Nach dem Dargelegten fordern wir Sie und den Gesamtregierungsrat des Kantons Luzern dazu auf, die Ansätze der Asylsozialhilfe zu erhöhen. Die engagierten Organisationen vom Solinetz Luzern sind tagtäglich in Kontakt mit Menschen aus den erwähnten Personengruppen. Wir sind damit konfrontiert, dass sie aufgrund der viel zu niedrigen Asylsozialhilfe daran gehindert sind, am gesellschaftlichen Leben teilzuhaben und sich so zu integrieren, dass sie baldmöglichst wirtschaftlich selbstständig werden.

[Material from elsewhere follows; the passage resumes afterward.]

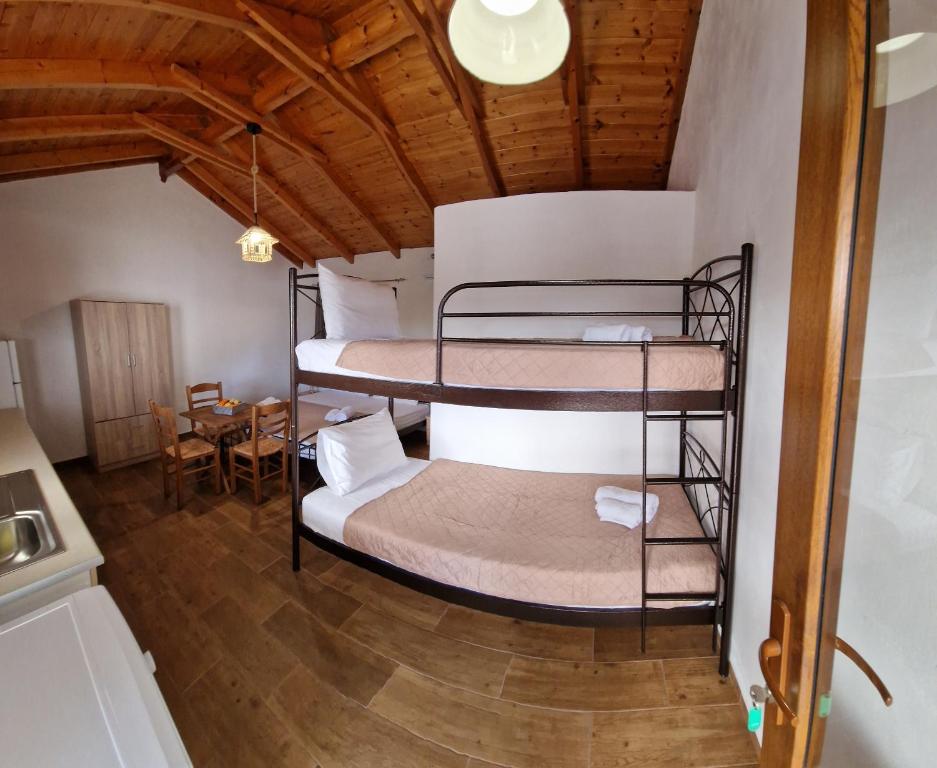 Postel nebo postele na pokoji v ubytování Small paradise in kamares 8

Wir sind überzeugt, dass ein höherer Ansatz in der Asylsozialhilfe auch der gesamten Gesellschaft zugutekommt und das Zusammenleben zwischen Einheimischen und Zugewanderten bereichert. Alle Personen, die hier als geflüchtete Menschen Schutz finden, haben das Recht auf ein menschenwürdiges Leben. Die geforderte Erhöhung ist ein wichtiger Schritt in diese Richtung.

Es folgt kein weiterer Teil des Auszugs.